Concerning the second point, one of the philosophical foundations of monotheism is perception-reality dualism, which became more explicit in the double truth theory that started in Islam and spread to Christianity. This alone seems to have made it possible for both Galileo and the Vatican to exist and have relevance in the same society, namely because it had become psychologically fragmented. (Psyche is Greek for “mind” or “soul”.) Incidentally, whereas dualism is expressed in monotheism, non-dualism is expressed in monism, which is a trademark of Gnostic and Hindu thought.
Concerning the last point, it is worth noting that while “blind faith” may be seen as a mental self-immolation, it is also considered (particularly within Gnostic and esoteric circles) as a way to access power. Now you may question the sincerity of a belief that is held, as in chaos magick, for strategic ends.
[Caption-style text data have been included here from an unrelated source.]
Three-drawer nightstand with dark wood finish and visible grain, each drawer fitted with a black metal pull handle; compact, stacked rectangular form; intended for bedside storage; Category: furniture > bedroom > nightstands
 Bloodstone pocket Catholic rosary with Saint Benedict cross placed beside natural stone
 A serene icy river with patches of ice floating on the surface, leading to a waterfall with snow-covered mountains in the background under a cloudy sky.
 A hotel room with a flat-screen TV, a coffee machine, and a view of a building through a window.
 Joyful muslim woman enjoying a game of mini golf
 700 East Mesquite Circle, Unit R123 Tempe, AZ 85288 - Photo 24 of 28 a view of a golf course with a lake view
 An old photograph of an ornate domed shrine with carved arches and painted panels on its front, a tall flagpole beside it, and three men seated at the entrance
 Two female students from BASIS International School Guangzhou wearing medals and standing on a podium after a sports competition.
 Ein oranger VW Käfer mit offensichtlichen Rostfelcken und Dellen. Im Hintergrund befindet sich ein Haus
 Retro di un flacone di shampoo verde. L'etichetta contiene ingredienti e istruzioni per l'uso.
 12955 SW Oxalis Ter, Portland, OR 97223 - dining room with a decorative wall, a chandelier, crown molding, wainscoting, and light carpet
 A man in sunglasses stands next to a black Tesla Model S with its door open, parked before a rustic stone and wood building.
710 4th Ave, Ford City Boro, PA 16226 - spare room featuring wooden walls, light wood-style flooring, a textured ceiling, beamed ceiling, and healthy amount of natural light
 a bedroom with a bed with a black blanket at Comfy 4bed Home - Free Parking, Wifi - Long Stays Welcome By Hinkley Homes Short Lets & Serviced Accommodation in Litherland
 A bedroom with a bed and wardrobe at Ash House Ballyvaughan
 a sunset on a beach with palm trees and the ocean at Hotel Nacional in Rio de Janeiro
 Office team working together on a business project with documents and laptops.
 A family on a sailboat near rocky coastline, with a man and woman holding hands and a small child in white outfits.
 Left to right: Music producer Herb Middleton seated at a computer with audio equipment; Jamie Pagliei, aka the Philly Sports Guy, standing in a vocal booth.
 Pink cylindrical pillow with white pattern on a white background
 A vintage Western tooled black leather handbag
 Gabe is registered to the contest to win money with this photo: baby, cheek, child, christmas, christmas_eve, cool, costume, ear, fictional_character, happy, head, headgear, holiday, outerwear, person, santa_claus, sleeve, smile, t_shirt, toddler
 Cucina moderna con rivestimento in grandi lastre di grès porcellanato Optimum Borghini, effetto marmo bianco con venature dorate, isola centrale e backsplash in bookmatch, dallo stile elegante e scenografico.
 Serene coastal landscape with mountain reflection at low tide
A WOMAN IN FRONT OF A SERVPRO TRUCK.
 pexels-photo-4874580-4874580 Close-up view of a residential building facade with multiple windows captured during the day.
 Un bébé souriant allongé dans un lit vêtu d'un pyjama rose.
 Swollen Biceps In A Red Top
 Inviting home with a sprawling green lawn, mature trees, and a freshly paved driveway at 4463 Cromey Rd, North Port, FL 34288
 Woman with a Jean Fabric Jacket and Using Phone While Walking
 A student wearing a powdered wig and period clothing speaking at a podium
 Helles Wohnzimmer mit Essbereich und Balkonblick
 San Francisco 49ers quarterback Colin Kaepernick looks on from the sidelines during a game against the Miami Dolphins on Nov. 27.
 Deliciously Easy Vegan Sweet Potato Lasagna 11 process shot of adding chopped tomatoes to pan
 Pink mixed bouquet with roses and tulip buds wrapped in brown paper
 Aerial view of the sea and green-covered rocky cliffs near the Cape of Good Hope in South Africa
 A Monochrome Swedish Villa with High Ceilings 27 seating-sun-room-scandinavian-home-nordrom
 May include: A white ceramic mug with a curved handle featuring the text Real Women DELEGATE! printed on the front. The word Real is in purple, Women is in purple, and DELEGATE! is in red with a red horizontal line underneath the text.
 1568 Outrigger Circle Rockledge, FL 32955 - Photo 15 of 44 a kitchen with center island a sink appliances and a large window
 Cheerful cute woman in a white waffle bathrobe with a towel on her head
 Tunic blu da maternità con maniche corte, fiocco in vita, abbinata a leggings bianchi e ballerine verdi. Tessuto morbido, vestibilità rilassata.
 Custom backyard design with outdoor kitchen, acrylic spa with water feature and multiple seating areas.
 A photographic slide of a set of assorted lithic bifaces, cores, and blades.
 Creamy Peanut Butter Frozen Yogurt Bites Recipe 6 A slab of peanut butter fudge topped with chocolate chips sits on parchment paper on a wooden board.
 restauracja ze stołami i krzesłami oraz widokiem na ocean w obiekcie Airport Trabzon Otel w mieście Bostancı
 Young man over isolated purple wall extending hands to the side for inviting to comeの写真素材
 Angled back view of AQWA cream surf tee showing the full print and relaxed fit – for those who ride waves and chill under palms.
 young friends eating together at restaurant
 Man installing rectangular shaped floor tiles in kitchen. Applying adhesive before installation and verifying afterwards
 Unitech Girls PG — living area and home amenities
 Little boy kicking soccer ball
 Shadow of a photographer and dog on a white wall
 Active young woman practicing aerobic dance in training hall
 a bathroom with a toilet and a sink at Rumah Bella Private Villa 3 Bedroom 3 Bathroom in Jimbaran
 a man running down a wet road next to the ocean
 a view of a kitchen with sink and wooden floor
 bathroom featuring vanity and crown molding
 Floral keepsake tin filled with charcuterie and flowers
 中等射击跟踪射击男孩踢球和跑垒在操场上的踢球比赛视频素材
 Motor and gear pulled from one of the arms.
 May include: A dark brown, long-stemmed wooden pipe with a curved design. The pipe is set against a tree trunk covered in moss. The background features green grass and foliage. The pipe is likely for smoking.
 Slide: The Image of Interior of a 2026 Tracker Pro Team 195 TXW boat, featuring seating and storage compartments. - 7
How can you have your eyes, so to speak, both opened and closed at once? (Does this image underlie the winking or third eye?) But by the same logic we can certainly question the sincerity of a belief that is held, in systematic faith, for heavenly aims.
Is there a creator of material things? Sure, but they are a very contingent and temporary expression of a deeper reality. Gnostics say this creator of matter, whom the Bible calls the Mighty One, was a child of Wisdom, conceived not in love but in loneliness. They seek reunion with Wisdom through the pursuit of ideals and the rejection of the faux-reality of flesh and matter.
I liken the major (empire-friendly) faiths to a billion people living one person’s dream. Call me a Gnostic, but I say find your dream, your song, your story. If nothing else, it’ll make you more fun at parties.